Yay, just tested with the new oexserverd and it seems to have fixed the issue on my computer 👍

On my system, running with the original oexserverd the map can't be opened (can't find the dongle) and OpenCPN complains. When switching to this new version, the map opens without any issue and the dongle is found.

Thanks for your support here, very much appreciated! May I ask what the root cause was? Just curious :)

bdbcat commented 4 months ago

@elafargue Good news indeed. Root cause: The network interfaces created by docker are transient, and arrive in unpredictable order. This confuses the DRM code, making the decryption of the charts undependable. Solution: We now detect and ignore interfaces created by docker, so the system becomes as though docker is not active, nor are any docker containers present.

Thanks for your patience. Dave

sailing12388 commented 4 months ago

Yay, just tested with the new oexserverd and it seems to have fixed the issue on my computer 👍

On my system, running with the original oexserverd the map can't be opened (can't find the dongle) and OpenCPN complains. When switching to this new version, the map opens without any issue and the dongle is found.

Thanks for your support here, very much appreciated! May I ask what the root cause was? Just curious :)

Did you reboot after "installing" the new oexserverd?

elafargue commented 4 months ago

Did you reboot after "installing" the new oexserverd?

I did, yes, and checked that the original oexserved failed as expected, then used the patched oexserver. Note that I am using a dongle, not a software license.

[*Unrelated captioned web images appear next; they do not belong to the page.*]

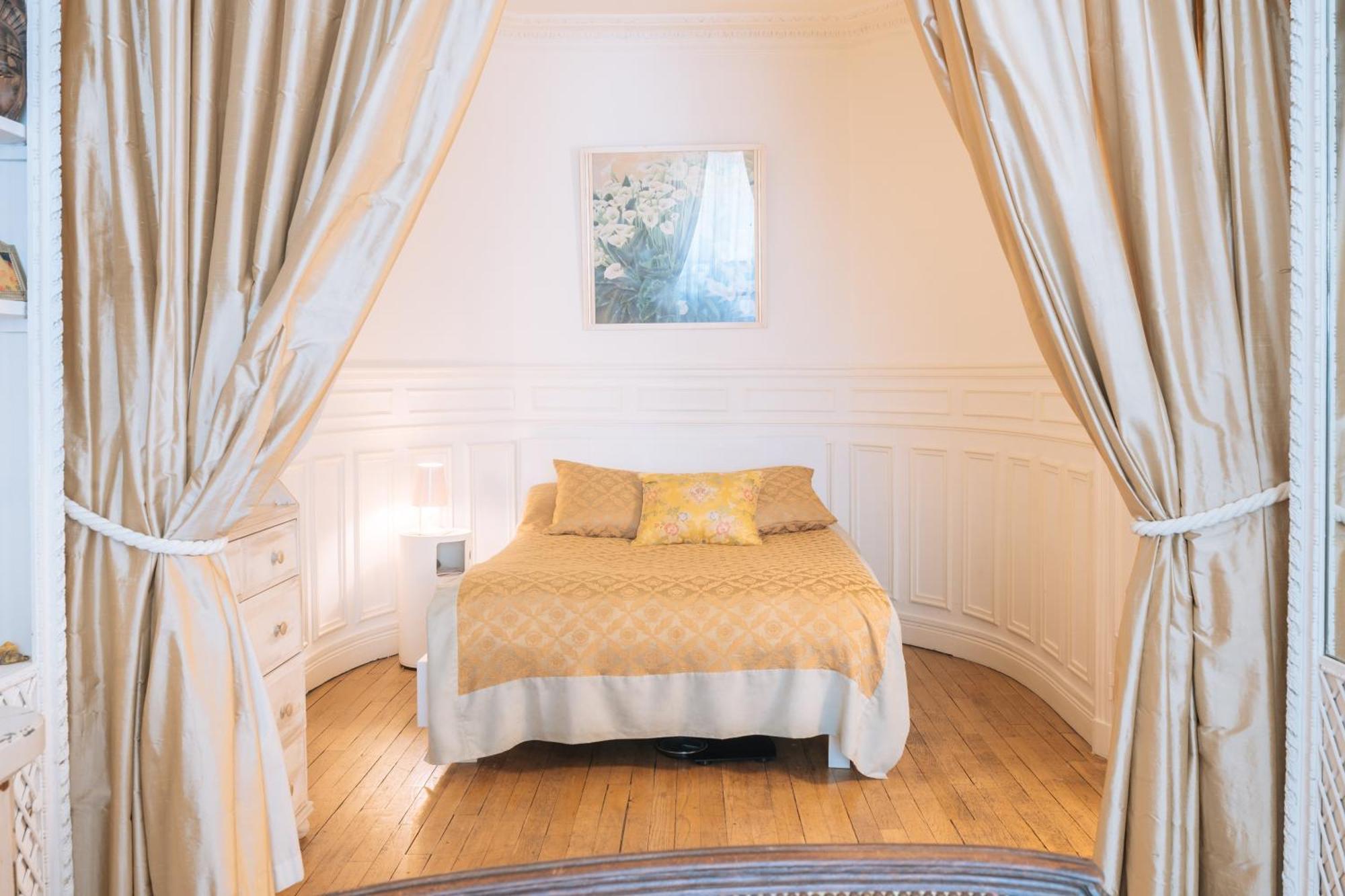 Luxurious 4 Bedroom Next To The Eiffel Tower Apartment Paris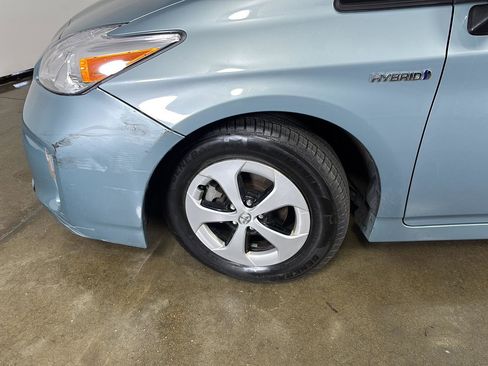 Used 2012 Toyota Prius Two FWD image 4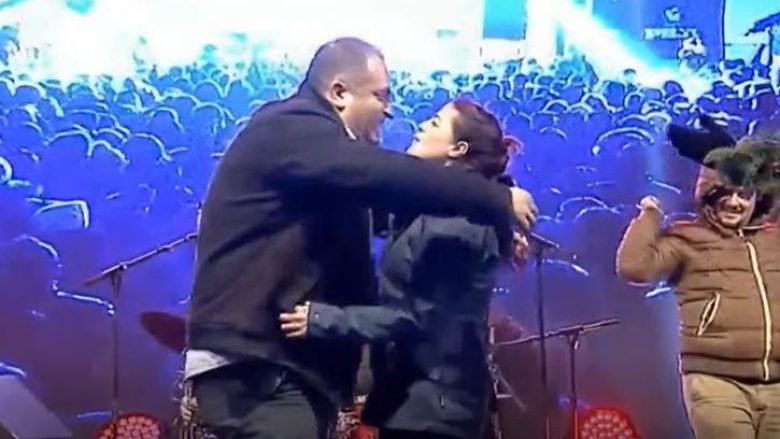 Shpend Ahmeti puth gruan para publikut, uron për më shumë dashuri në vitin 2019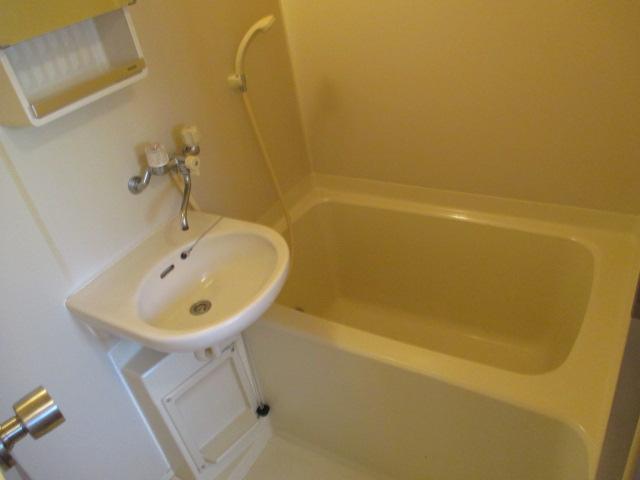 バス・シャワールーム　浴室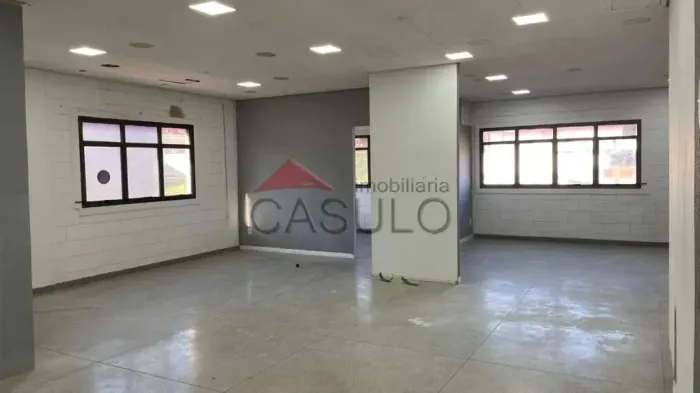 Escritório para Alugar no Jardim Guanabara com 92 m² de Área Privativa Disponível
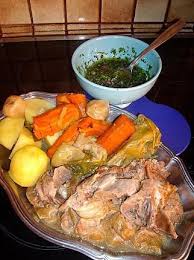 Tete Et Langue De Veau A La Sauce Vinaigrette Recette Plats Mijotes Recettes De Cuisine Tete De Veau Recette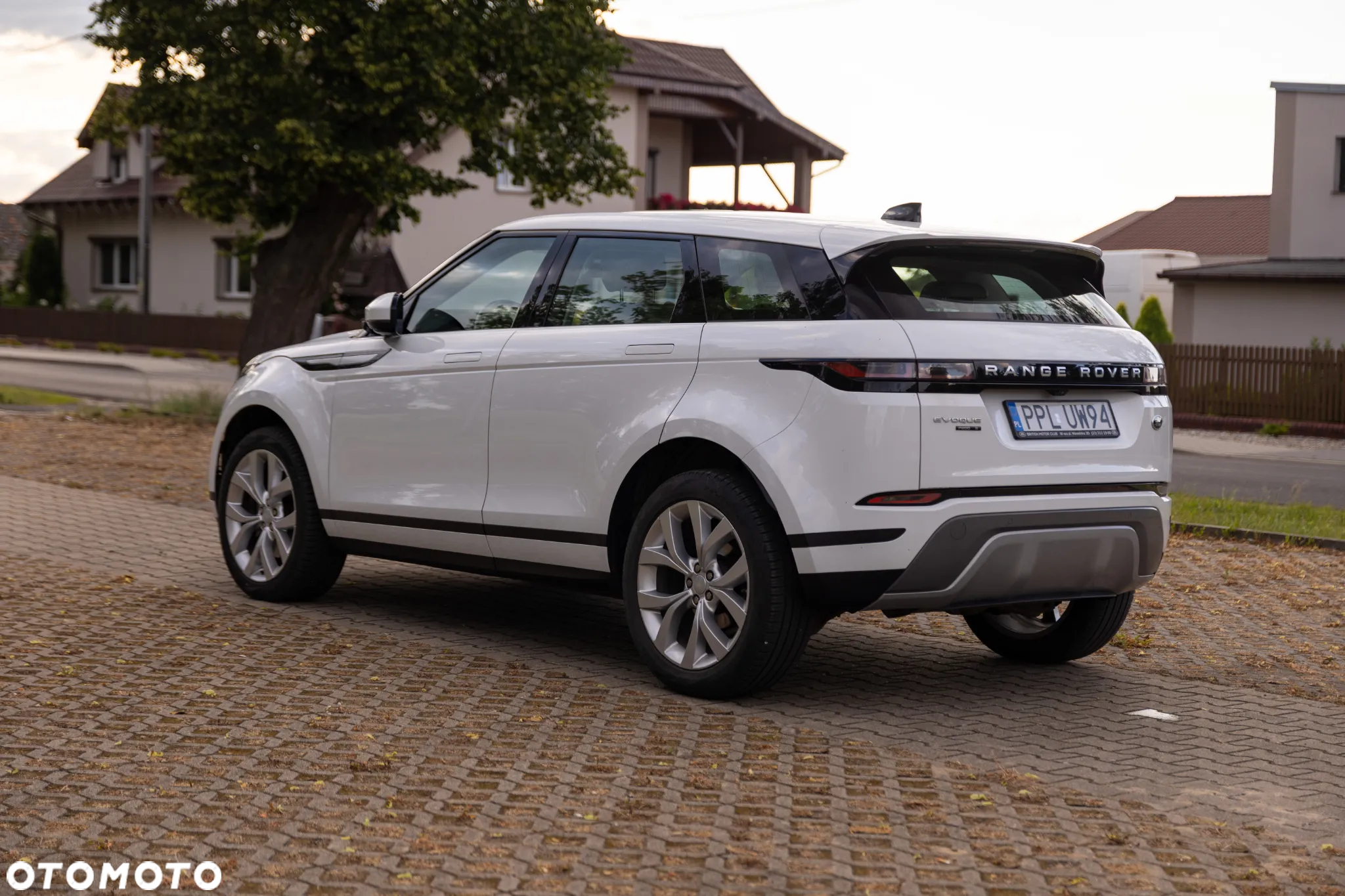 Land Rover Range Rover Evoque - 13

sailing12388 commented 4 months ago

I have both the dongle and a software license and right now, neither work but I didn't reboot after applying this fix.

elafargue commented 4 months ago

I would separate concerns here - can you remove the software license for now, and test with only the dongle?

If you are using flatpak, you will need to update oexserverd in ~/.var/app/org.opencpn.OpenCPN/bin/, not in ~/.local/bin . Also make sure it is executable (chmod +x oexserverd).

I have both the dongle and a software license and right now, neither work but I didn't reboot after applying this fix.

sailing12388 commented 4 months ago

I'm not running the flat pack. The software license won't install so that's not an issue. I'll reboot later today.

sailing12388 commented 4 months ago

It's working!

bdbcat commented 4 months ago

Close, please?

elafargue commented 4 months ago

Closing as requested - do you have an ETA on uploading the fixed version on the repository and including in the next o-charts plugin release?

thanks again!